Et donc ce dimanche nous nous retrouvons pour construire, sur un mur, un regard sur elle, cette room#1, une maison que l’architecte a nommé “pièce”, une maison dixième de maison. Je crois qu’on n’a jamais creusé ce sujet avec elle – elle étant qui ? la maison ou l’architecte ? -, ce trouble sur les mots et puis ce nom anglais écrit en anglais pour un lieu bel et bien japonais, bel et bien ancré dans le quartier et les notions locales d’espace(s). Je crois qu’il y a encore beaucoup à écrire sur ce lieu / ce nous, solide et quitté.

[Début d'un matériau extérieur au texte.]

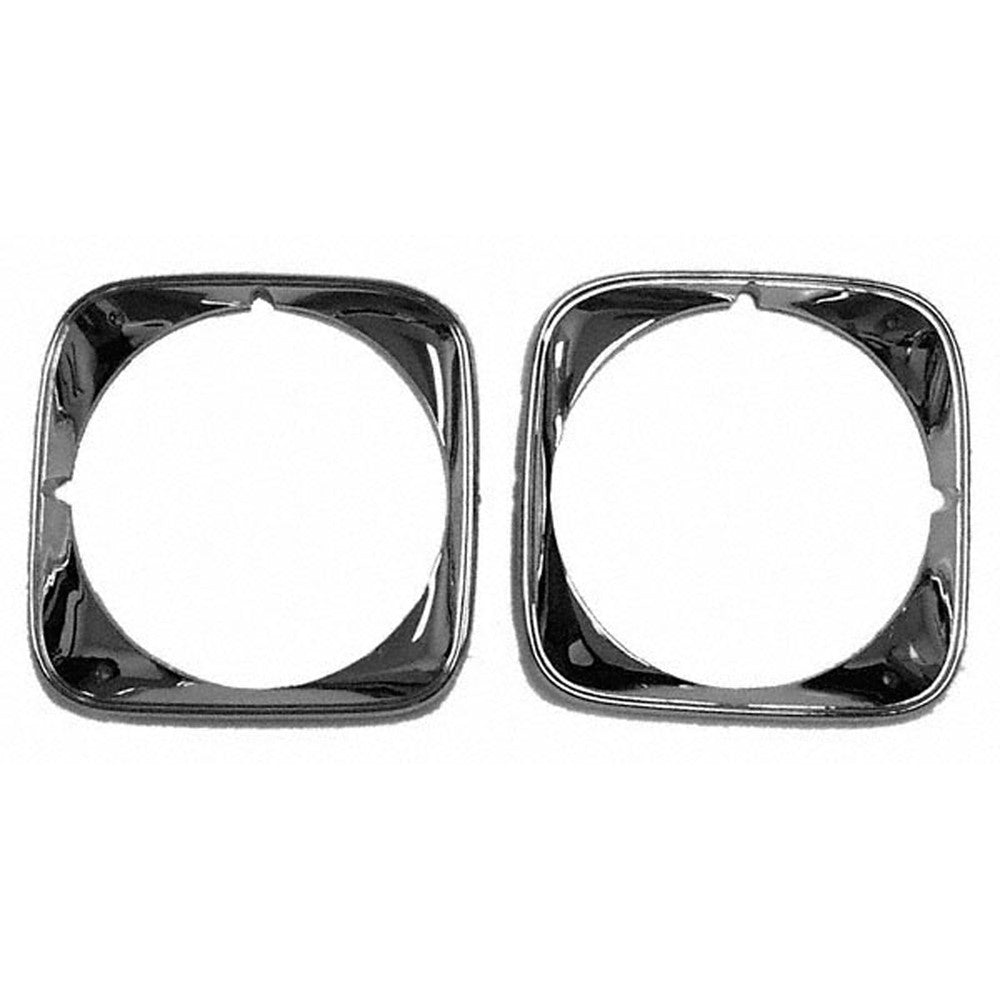 Head Light Bezel Lh Rh Pair Black Bezel If Required for Chevelle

La cravate servit donc seulement à faire joli, à me faire plaisir de m’habiller autrement, à me distinguer un peu… car de mon emploi du temps je ne sus défaire les nœuds.
It’s like a family here.
Je chuchote à l’oreille de Niu, essayant de traduire ce qui ce dit. Nous nous sommes placés là-haut, pour ne pas déranger, mais quelques regards, parfois, se déplacent vers nous ; je crois qu’on nous entend, malgré tout. Malheureusement pour lui, Isola, le film de Fabianny Deschamps que l’on vient de voir, est tellement riche que mon esprit galope et parfois abdique à traduire la beauté et la complexité des propos de l’actrice, qui a posé derrière elle cet improbable manteau jaune, et les explications de la réalisatrice, chevelure rousse flamboyante.
Le film est riche, disais-je, riche de langues également, mais la principale étant ce chinois mandarin que Niu parle, je n’ai presque pas eu besoin de susurrer dans le noir lors de la projection. Et puis voilà, voilà qu’on a le souffle coupé, on ne respire plus, tout s’arrête devant les visages fatigués ou heureux, tout s’arrête sauf mes larmes devant cette dernière scène sans parole, cette scène vers laquelle la réalisatrice nous a emmené durant 90 minutes et qui dans mon souvenir est silencieuse, silencieuse et au ralenti comme si mon esprit l’avait transformée sous l’émotion trop vive.